On Mon, Feb 07, 2011 at 02:55:36PM -0600, Bill Kendall wrote:
> On 02/04/2011 02:49 PM, Dave Chinner wrote:
> >On Fri, Feb 04, 2011 at 09:12:53AM -0500, Michael Lueck wrote:
> >>Dave Chinner wrote:
> >>>Ok, so xfsdump i seeing a short bulkstat, then an EINVAL returned
> >>>from the next bulkstat. That's not a race condition, and makes me
> >>>think you have some kind of on-disk corruption.
> >>Very odd that some kind of on-disk corruption is suddenly causing
> >>xfsdump problems starting with Ubuntu 10.04 (Lucid) kernel
> >>2.6.32-27 and persisting in 2.6.32-28.
> >Not really. The newer kernels have code in them that does more
> >validity checks than previous kernels, so older kernels would have
> >erroneously and silently returned unlinked files to xfsdump and have
> >them backed up. IOWs, you'd never notice such a corruption with
> >xfsdump. On the new kernel, xfsdump gets an EINVAL error to such
> >occurrences, which it should have in the first place.
> >>And there is one other person who confirmed this xfsdump problem
> >>running Lucid with kernel 2.6.32-28. They reported their "me too"
> >>in the Ubuntu bug tracker.
> >>Could it be that 2.6.32-26 and prior managed to write something to
> >>disk corrupted, and the newer code is tripping on it?
> >That's what I'm trying to find out. Or it could be something as
> >simple as your disk has had an undetected bit error that has flipped
> >a bit in the inode allocation btree.
> Hi Dave,
> I am able to reproduce this on a system running Ubuntu 10.4
> (2.6.32-28). I took a metadump of the filesystem and moved it to
> a system running 10.10 (2.6.35-25), and was able to successfully
> dump it there. Likewise it dumps fine on 2.6.38-rc1. So this
> suggests an issue with the Ubuntu 10.4 kernel.
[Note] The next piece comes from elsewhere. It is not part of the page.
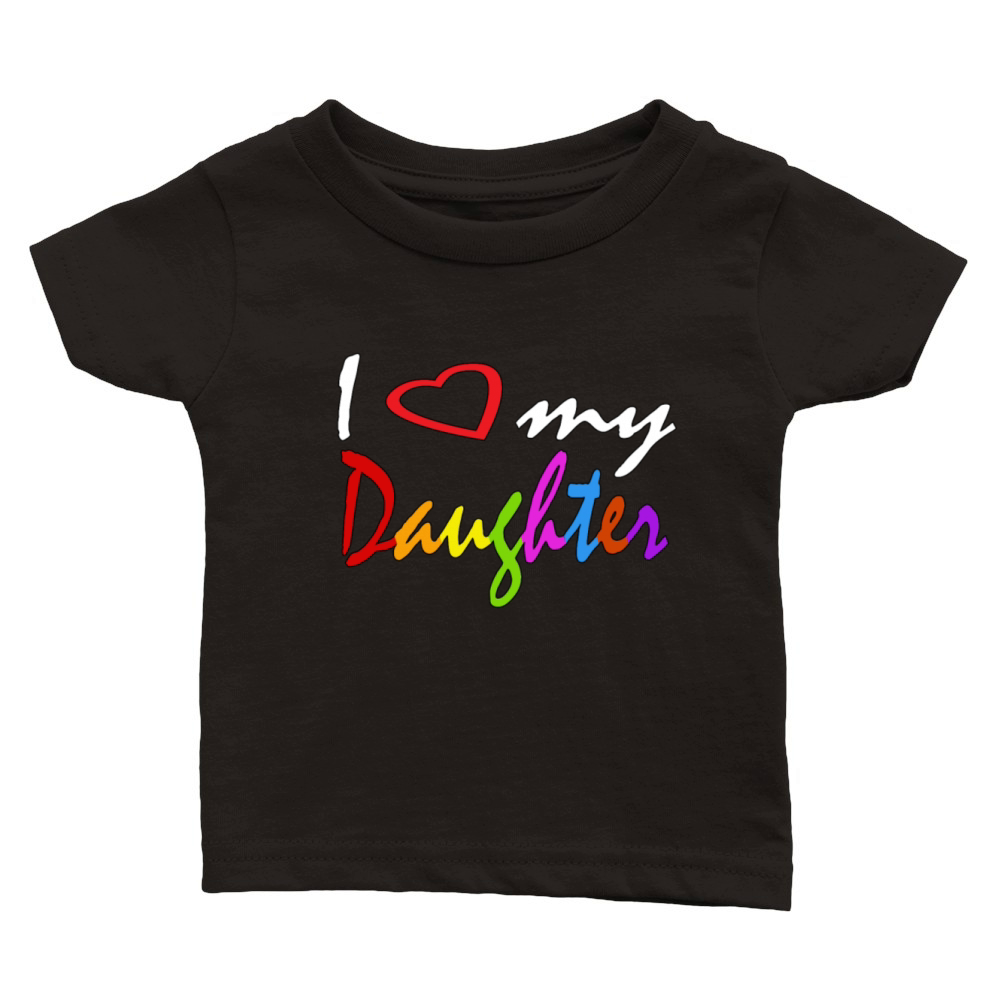 I Love My Daughter Funny Shirt Classic Baby Crewneck T-shirt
2.6.35 hasn't had the untrusted inode lookup patches back ported to
it, so it's no surprise that it isn't having problems - it's just
like the older 2.6.32 kernels.
Hmmm, can you find out if there is any specific pattern to the inode
numbers that are returning EINVAL? Maybe the inode allocbt freespace
record checks aren't quite correct in the backport (like the
original bogus alignment assumption I made).